Their first outing? The Mummy, starring Tom Cruise.
I had very serious concerns walking into The Mummy because it was not doing well at all on Rotten Tomatoes. I tend not to put too much stock in reviews if I want to see the movie badly enough, but my concern regarded the future of my other Dark Universe movies. I worried that if The Mummy floundered, Universal would abandon the Dark Universe initiative and I wouldn’t get to see my Invisible Man, Creature from the Black Lagoon, and Bride of Frankenstein. After all, this is exactly what happened with King Arthur: Legend Of the Sword. (Yes, I’m still made about that.)

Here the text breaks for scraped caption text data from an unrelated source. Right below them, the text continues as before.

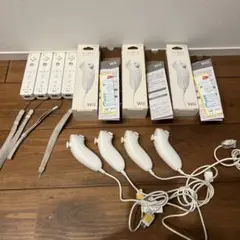 Wii リモコン×4 ヌンチャク×4 箱　説明書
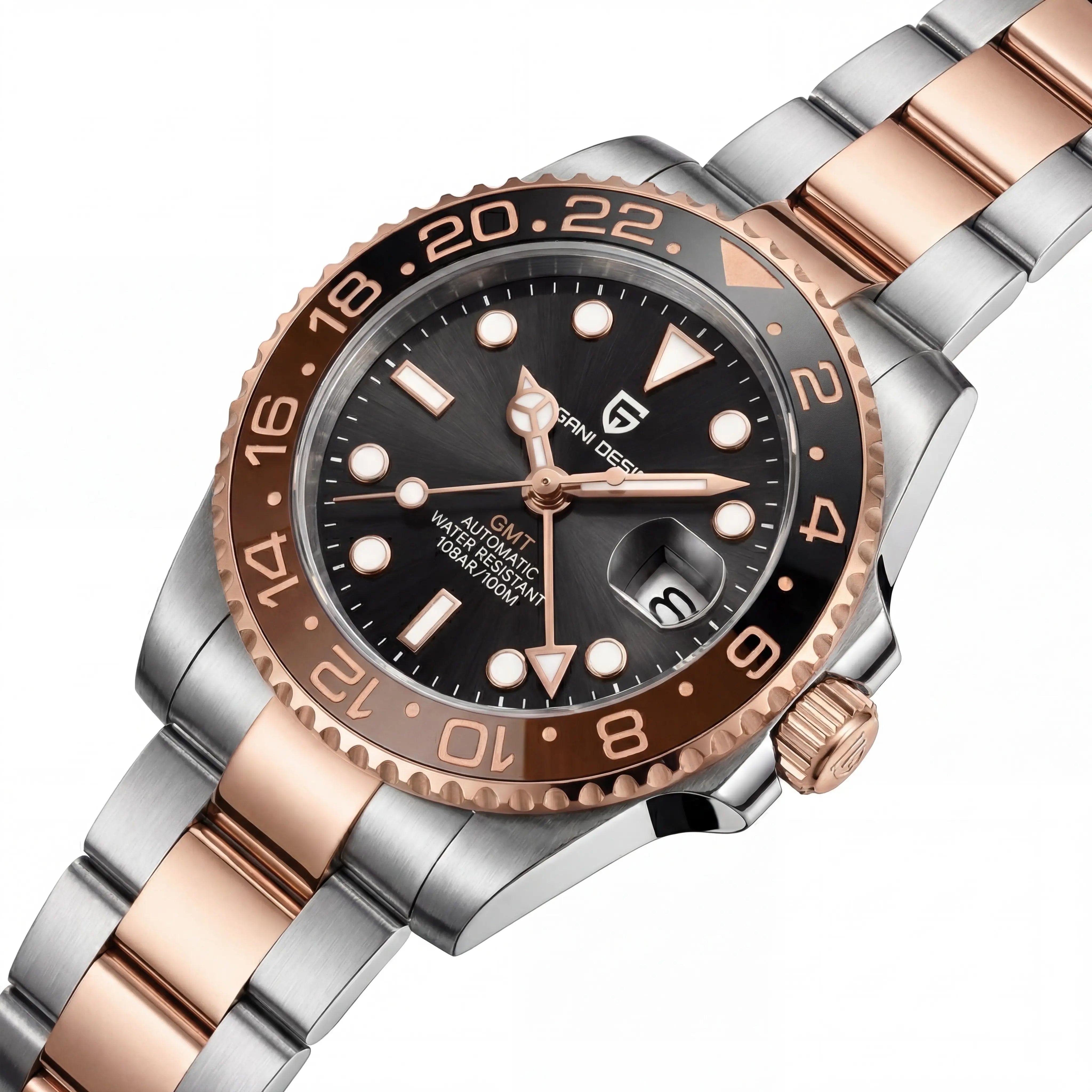 Zorick GMT Sovereign | Root Beer Two-Tone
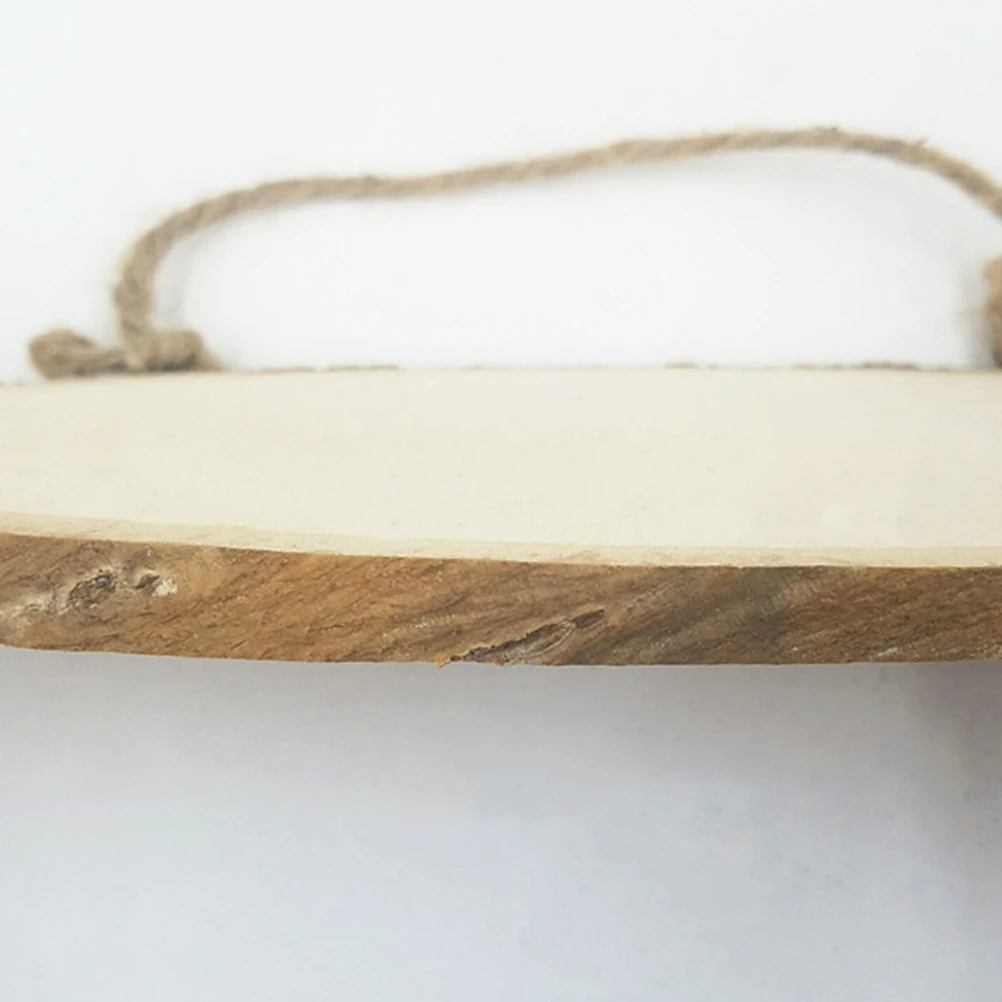 

5Pcs 25cm Natural Wood Slices Hanging Jute Rope Decorative Tags for Wedding Table Numbers Crafts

So here’s the thing, I saw it with three other guys, and we all liked it for various reasons. Is it the greatest movie ever made? No, not by a long shot. But, it seemed like they put a lot of effort into it, Tom Cruise delivered a likable character, the special effects were cool, the action was great, and the movie generally entertained. Yeah, there were a few plot holes. Sure, parts of it we’ve seen before. It even got a little confused at times as to whether it wanted to be a horror movie, a buddy action comedy, or a romance. And the ending, well, somehow the ending came off both clichéd and vague.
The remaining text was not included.